ClosePrice <- predict(modelFit,testing)
result <- cbind(testing[,-c(11,12,13)],ClosePrice)
write.csv(result,file="~/Downloads/predictClose1.csv")
We can repeat the model buil process exclude ListPrice as predictor.
modelFit1 <- train(ClosePrice~LivingArea+NumBedrooms+NumBaths+Pool+ExteriorStories+GeoLat+GeoLon+DwellingType,method="glm",data=Training)
prediction1 <- predict(modelFit1,Validation)
qplot(Validation$ClosePrice,prediction1,main="ClosePrice Prediction Performance",xlab="ClosePrice",ylab="Predicition",color="house")

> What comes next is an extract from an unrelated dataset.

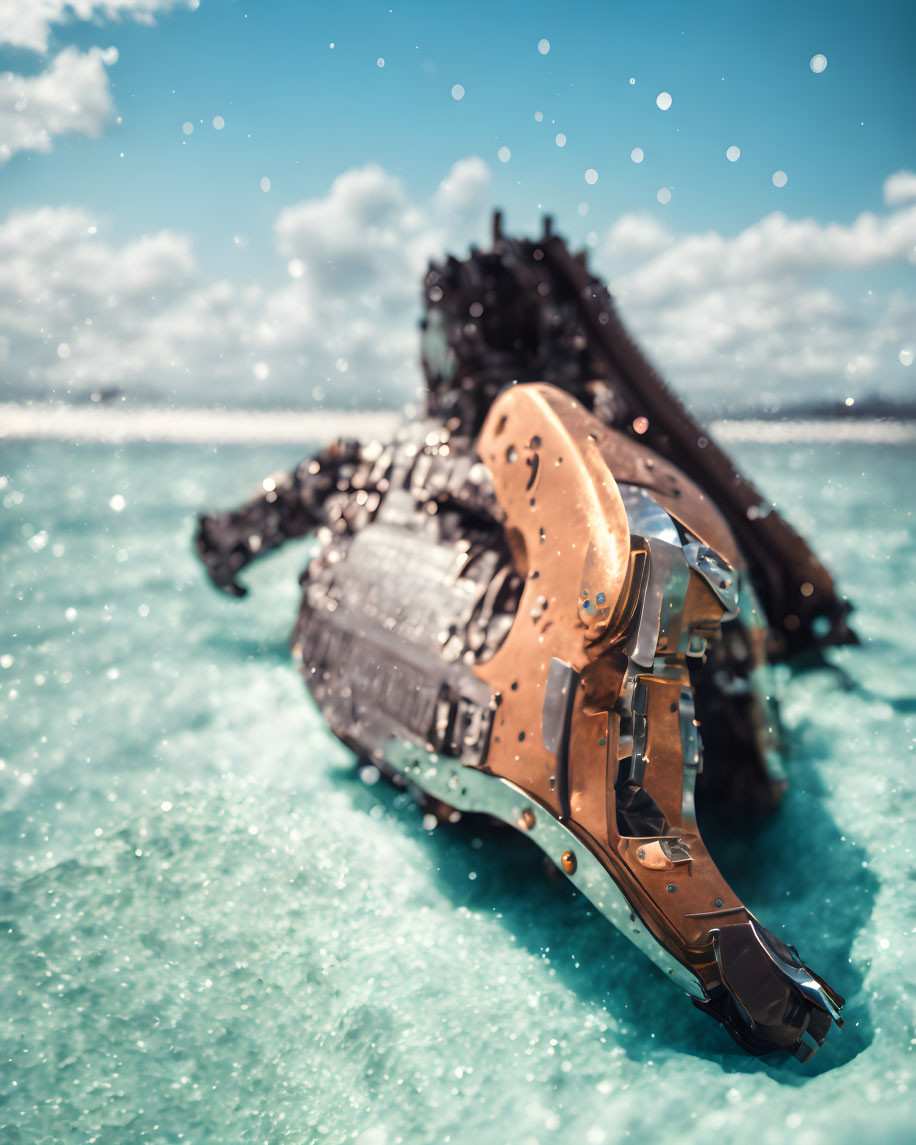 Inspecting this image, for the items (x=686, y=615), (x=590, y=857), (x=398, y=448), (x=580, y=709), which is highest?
(x=398, y=448)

t.test(prediction1,Validation$ClosePrice,paired=TRUE,var.equal=TRUE)
##
## Paired t-test
##
## data: prediction1 and Validation$ClosePrice
## t = 0.083547, df = 7583, p-value = 0.9334
## alternative hypothesis: true difference in means is not equal to 0
## 95 percent confidence interval:
## -4507.376 4908.690
## sample estimates:
## mean of the differences
## 200.657
The performace shows in scatter point looks pretty bad. However, in t-test, the mean of difference falls into the 95% confidence interval. Though the p-value is 0.6264, consider a little high. We can say the model is significantly predict the closePrice, but not very robust.
To improve the model, we should also consider the Listing status, postdate and on-market days to build the model. And also use NLP to extract useful information from the PublicRemarks.
To build a data product for in a production environment to predict values of homes in real-time.To accomplish this, we need to initiate the model for each house taking all the house feautres, List Price. Meanwhile, taking current date as input for the model to update the price every several days.